The Palestine Post was the main English-language Zionist daily in Palestine under the British Mandate in the interwar period. It was an influential newspaper with ties to the Jewish Agency Executive, the de facto Jewish government in Palestine. Like other Jewish newspapers in the country, it followed with apprehension the developments in Europe, and firmly supported the British war effort against Nazi Germany. At the time when news leaked from Europe, in the fall of 1942, about the systematic, genocidal nature of the German assault on the Jews, Jewish newspapers in Palestine dedicated more coverage to this topic.

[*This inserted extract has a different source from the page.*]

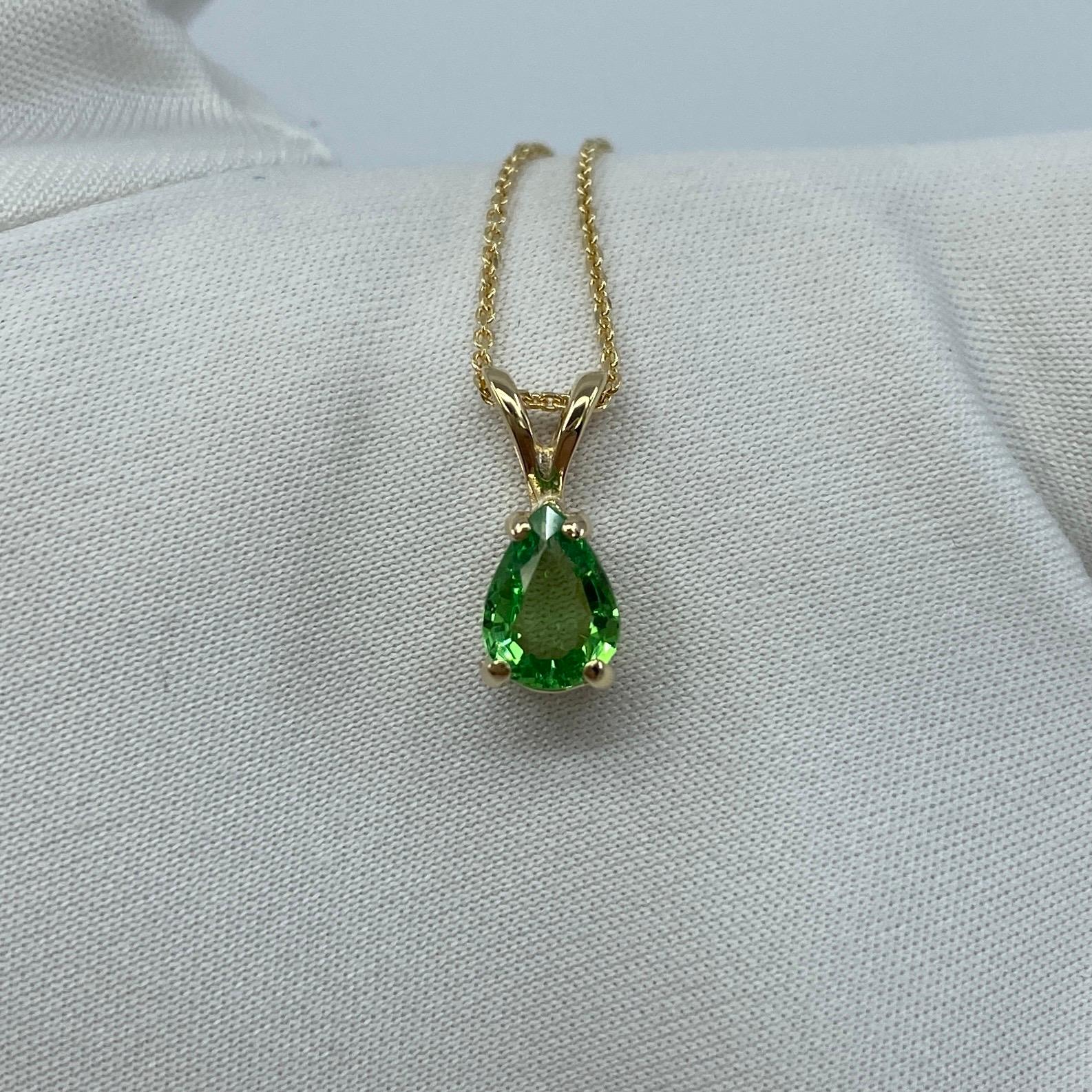 Solitär-Anhänger aus Gelbgold mit leuchtend grünem Tsavorit und Granat 0,75 Karat im Birnenschliff für Damen oder Herren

By the following year, however, news from the frontlines were again dominating the war coverage.1
The Jewish population of Palestine and its institutions could not do much to help the European Jews during the Holocaust. This was a minority population in a British dominion, and the once mighty British Empire itself was having troubles fighting Hitler. As much as they wanted to, they were incapable of doing anything substantial to stop the genocide; and, of course, it did not become known that this was a genocide until already too long into the war. The Jewish Agency Executive devised a number of rescue actions and military plans for helping the Jews in Europe.2 But for all practical purposes, Jewish reactions in Palestine rarely went beyond what the helpless population could do: public mourning ceremonies, general fasts, black flags in public, debates whether a general strike or adding work hours to workers' days in support of the war effort would make a difference.
A news item in the Palestine Post on the third page of the March 3, 1944 edition, featured here, points to some of the properties of these almost ritualized ways in which the Jews in Palestine mourned and commemorated the catastrophe in Europe. The short note hints at the formulaic and pervasive nature of such gatherings, even if the one recounted must have been one of the less ordinary ones.